/---

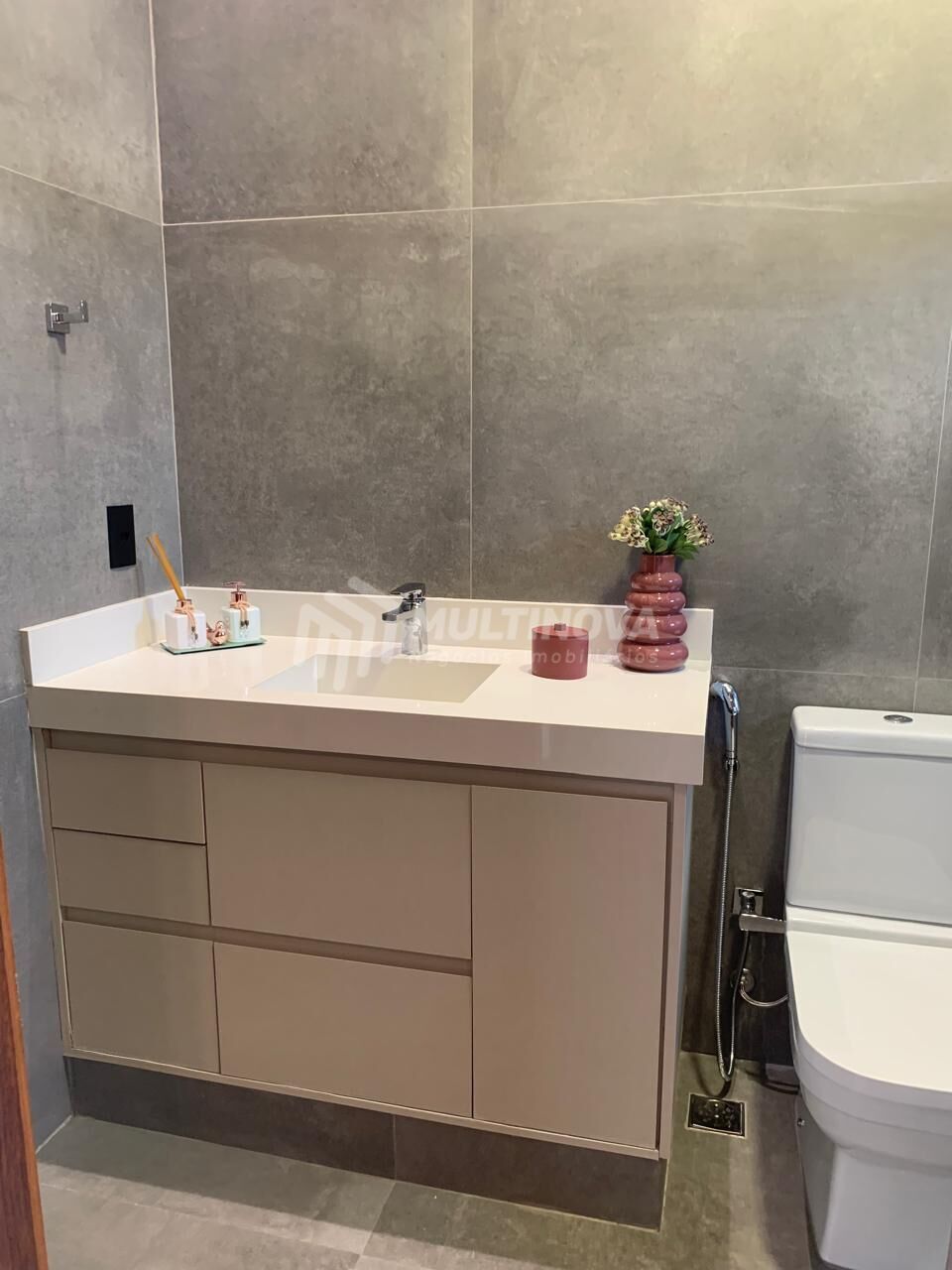 Casa de Condomínio com 3 quartos à venda, 251m² — foto 17 de 32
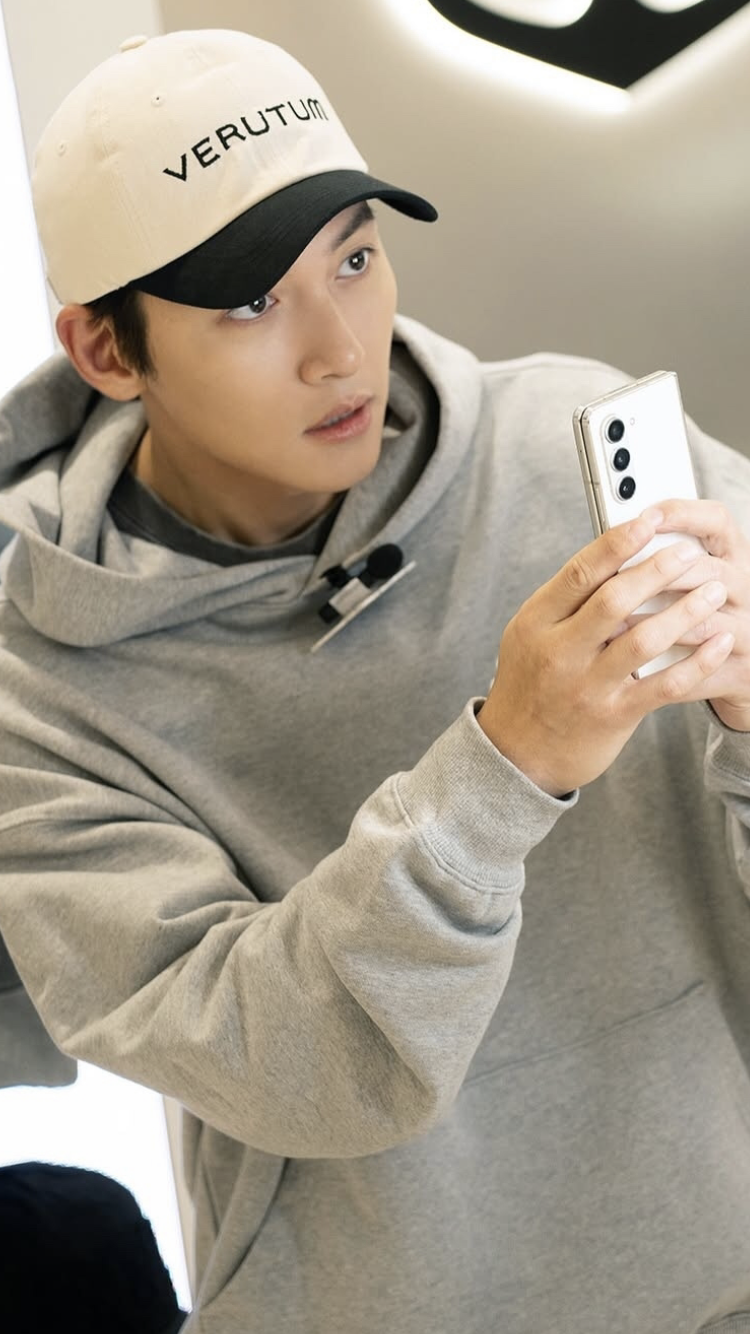 池昌旭的最新照片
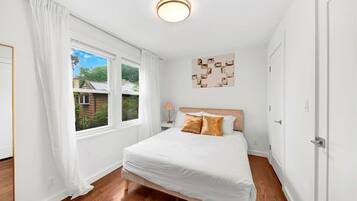 Luxury House, Garden View | Desk, laptop workspace, iron/ironing board, free WiFi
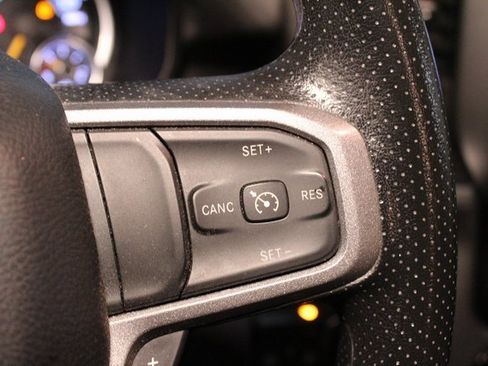 Used 2021 RAM 1500 Tradesman w/ SXT Appearance Group image 11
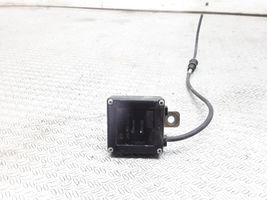 Volkswagen Transporter - Caravelle T4 Antenas pastiprinātājs 701035577B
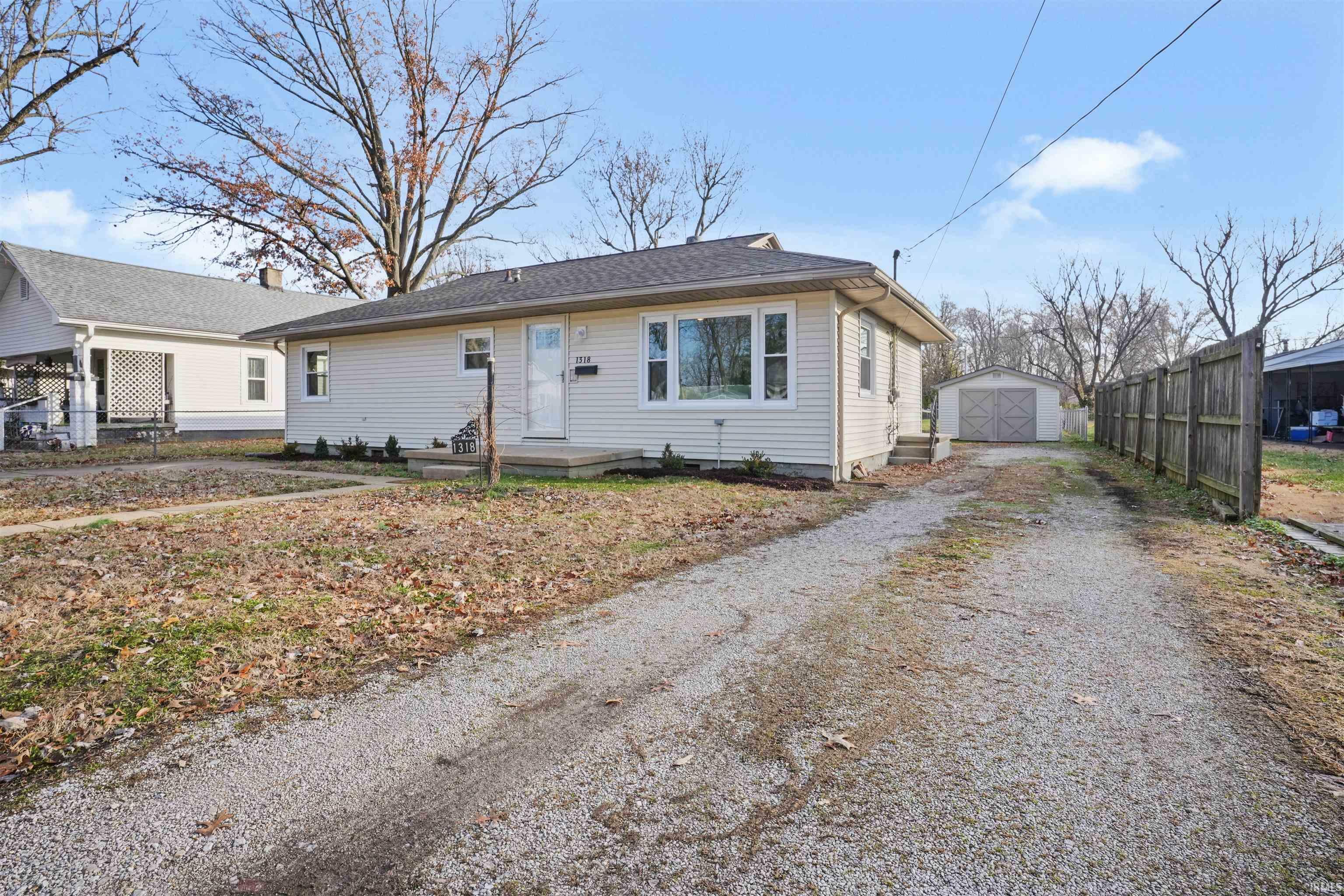 1318 Fairlawn Avenue  Evansville IN 47714 photo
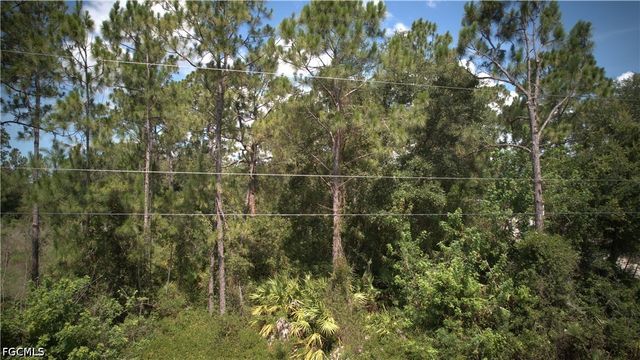 1515 Lincoln AVE, Lehigh Acres, FL 33972
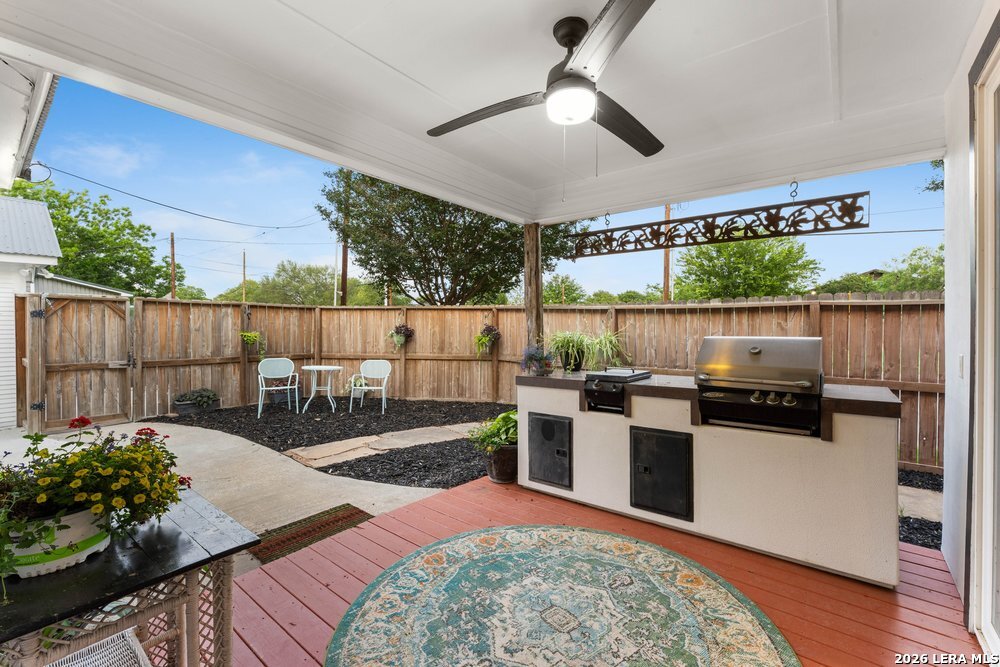 695 Comal Ave
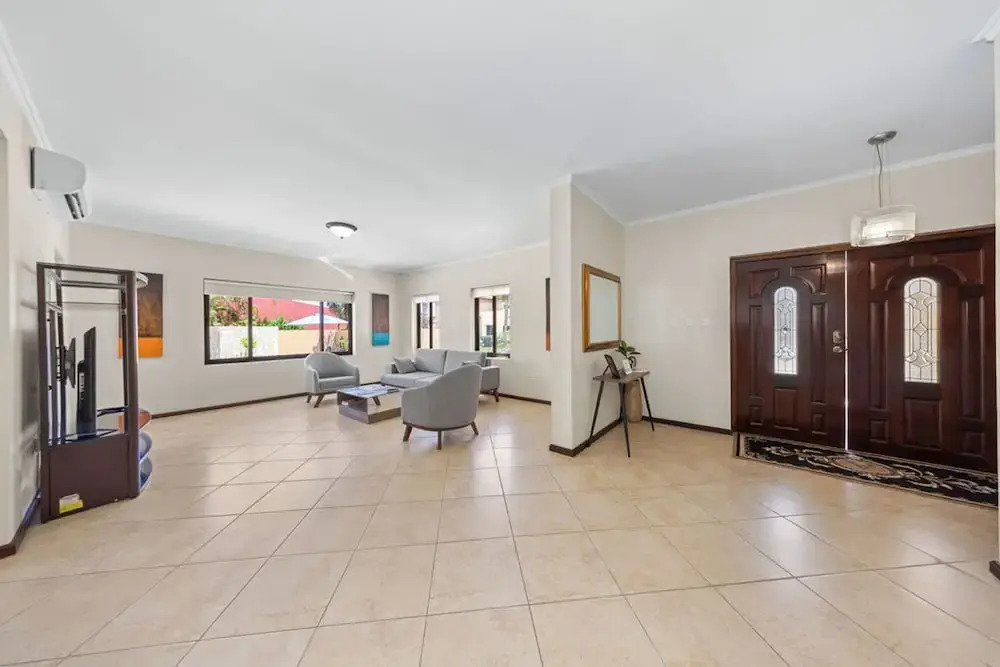 Gold Coast 4br4 5BA Villa w Privatepool Gym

\---

Except for the pictures, set down all of the records exactly.

 Casa de Condomínio com 3 quartos à venda, 251m² — foto 17 de 32
 池昌旭的最新照片
 Luxury House, Garden View | Desk, laptop workspace, iron/ironing board, free WiFi
 Used 2021 RAM 1500 Tradesman w/ SXT Appearance Group image 11
 Volkswagen Transporter - Caravelle T4 Antenas pastiprinātājs 701035577B
 1318 Fairlawn Avenue  Evansville IN 47714 photo
 1515 Lincoln AVE, Lehigh Acres, FL 33972
 695 Comal Ave
 Gold Coast 4br4 5BA Villa w Privatepool Gym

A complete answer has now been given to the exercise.